I felt Bloodfang’s hackles rise through the hilt of the sword. Butcher! it snarled. He reeks of tainted blood!
The huge figure lifted his head, as if scenting the air. His nouse was broad, almost flattened against his face, and his wide-set eyes had a fire to them like the light leaking from his chest. Jutting cheekbones broadened his face, and the thick mane of black hair that sprouted from his neck and ran like a mane around his head was distinctly wolfish. Dim lines of radiance traced paths from the corners of his mouth, down to the jutting cliff of his chin.
“Harald,” Param said.
The Wolf put one hand on hte door frame and levered himself through. I could almost feel the heavy footsteps as he loped down the stone steps toward us. Behind him, several faces appeared in the door. Women, I realized. They emerged no further, but I caught the sight of pale shoulders as they peered around the door.
“Xatham,” the huge man said. “What is this mess youn bring me?” Half a dozen of the spearmen lay dead or bleeding on the trampled ground.
“My lord,” the snake-face fell to its knee before the Wolf. One by one, the soldiers knelt, until only Param and I were left standing at the center of the ring. “At the Stone of the Vigilant, I found this one, who calls herself Param.”
The giant stiffened, and his eyes narrowed. He wiped at his chin, smearing the radiant paths away. “Param?”
“What have you become, Harald?” she said. “Where is the man who sent me away? Where is the proud knight I knew?”
The Wolf’s lip rose in a snarl. “I sent you away? You chose to leave, woman. You feared the forest. You feared what we would find!”
“And what did you find?” she demanded. The snake-face hissed at her insolence, but Param paid it no mind.
“A god,” he said, feral grin stretching across his face. “A ripe, bloody god.”
“What have you done, Harald?” she cried, shaking her head. “I can smell it on you! Blood! Torture! What have you done?”
Killer, Bloodfang muttered. I could feel it slinking along a the edge of my mind.
Harald laughed at Param, but it was no mirth. His slavering, thunderous voice was full of scorn. “You smell strength, Param! Strength you rejected.” His eyes turned to me, and widened slightly. His lips curled back over bloody fangs. “A Cinderborn? What feast have you brought me, woman?”

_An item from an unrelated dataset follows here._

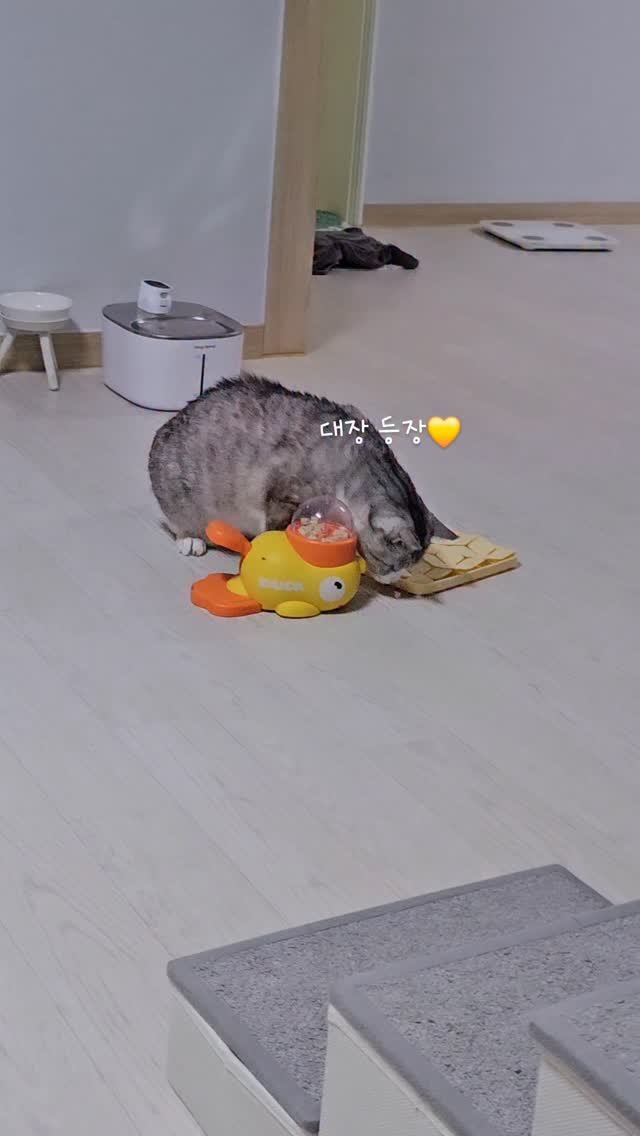 been_ricecake2 게시물 이미지: 아니.. 다욧중인 애기 맞나요..

이게 아주 이제
너무 잘하네!!!!!

압수야...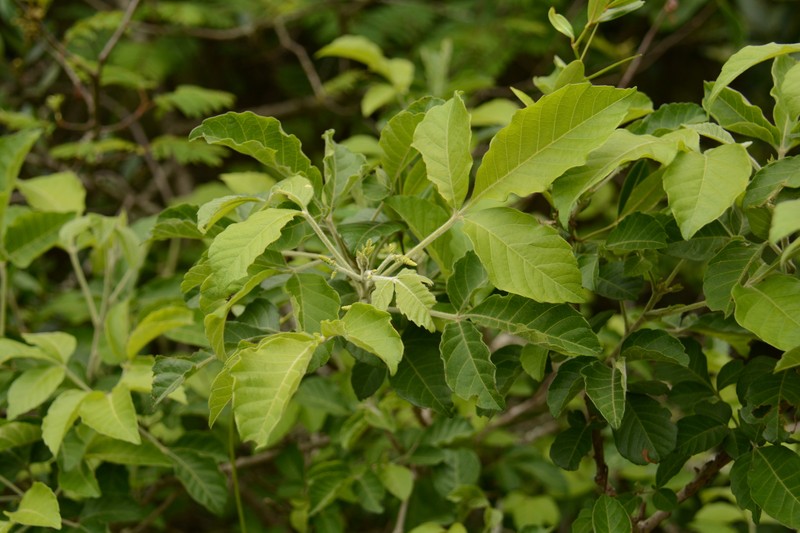 Allophylus africanus var. africanus photo 4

Bloodfang’s rage was so fiery I nearly lost control of it. My knuckles creaked on the leather-wrapped hilt, and my own lips drew back in a snarl.
But Param acted before I could. Suddenly, her arms had coiled around my neck. I felt the thin blade of a knife on my throat.
“Tell the priest,” she whispered in my ear.
“No!” Harald snarled. “His blood is mine!”
Cold pain like nothing I’d felt before tore across my throat. Hot, wet radiance splashed down my chest as I gasped for breath that would not come. Bloodfang howled in my mind, louder than the ringing in my ears. But not as loud as the Wolf’s bloody laughter.